**ASSIGNMENT**
In the material below, find every line containing the string "inside" and return it.

**INPUT**
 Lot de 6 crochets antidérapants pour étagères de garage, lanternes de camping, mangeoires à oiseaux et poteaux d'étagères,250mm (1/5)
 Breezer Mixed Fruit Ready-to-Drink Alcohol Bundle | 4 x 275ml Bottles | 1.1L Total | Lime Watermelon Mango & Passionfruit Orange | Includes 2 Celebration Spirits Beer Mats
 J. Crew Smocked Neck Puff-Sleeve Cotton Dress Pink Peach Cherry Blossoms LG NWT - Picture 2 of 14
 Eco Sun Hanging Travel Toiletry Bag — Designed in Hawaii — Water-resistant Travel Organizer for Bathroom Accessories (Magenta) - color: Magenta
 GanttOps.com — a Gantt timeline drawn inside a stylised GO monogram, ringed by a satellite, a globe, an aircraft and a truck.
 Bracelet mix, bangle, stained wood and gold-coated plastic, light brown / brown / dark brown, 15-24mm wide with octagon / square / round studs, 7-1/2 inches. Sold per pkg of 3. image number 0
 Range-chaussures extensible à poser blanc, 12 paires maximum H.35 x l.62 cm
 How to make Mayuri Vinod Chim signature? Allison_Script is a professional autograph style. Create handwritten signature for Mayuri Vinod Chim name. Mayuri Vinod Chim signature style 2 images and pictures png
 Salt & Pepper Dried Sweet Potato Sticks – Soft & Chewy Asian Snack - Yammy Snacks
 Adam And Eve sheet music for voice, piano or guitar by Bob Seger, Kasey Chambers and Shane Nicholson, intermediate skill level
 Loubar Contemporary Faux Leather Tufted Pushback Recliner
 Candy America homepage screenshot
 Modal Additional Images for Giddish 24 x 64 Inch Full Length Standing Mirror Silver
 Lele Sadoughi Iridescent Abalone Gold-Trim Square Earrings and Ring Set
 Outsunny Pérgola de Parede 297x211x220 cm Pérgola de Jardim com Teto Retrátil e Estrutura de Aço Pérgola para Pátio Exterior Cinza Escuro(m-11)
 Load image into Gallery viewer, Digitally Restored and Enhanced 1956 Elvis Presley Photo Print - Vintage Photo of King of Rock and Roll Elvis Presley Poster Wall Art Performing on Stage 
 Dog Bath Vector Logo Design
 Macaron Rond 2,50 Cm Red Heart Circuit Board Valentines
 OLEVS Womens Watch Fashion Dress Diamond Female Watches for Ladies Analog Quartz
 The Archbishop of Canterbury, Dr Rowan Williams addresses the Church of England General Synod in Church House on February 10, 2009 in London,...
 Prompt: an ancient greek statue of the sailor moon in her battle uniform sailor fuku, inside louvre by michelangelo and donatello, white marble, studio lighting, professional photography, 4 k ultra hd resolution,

**WRITTEN RESPONSE**
 GanttOps.com — a Gantt timeline drawn inside a stylised GO monogram, ringed by a satellite, a globe, an aircraft and a truck.
 Prompt: an ancient greek statue of the sailor moon in her battle uniform sailor fuku, inside louvre by michelangelo and donatello, white marble, studio lighting, professional photography, 4 k ultra hd resolution,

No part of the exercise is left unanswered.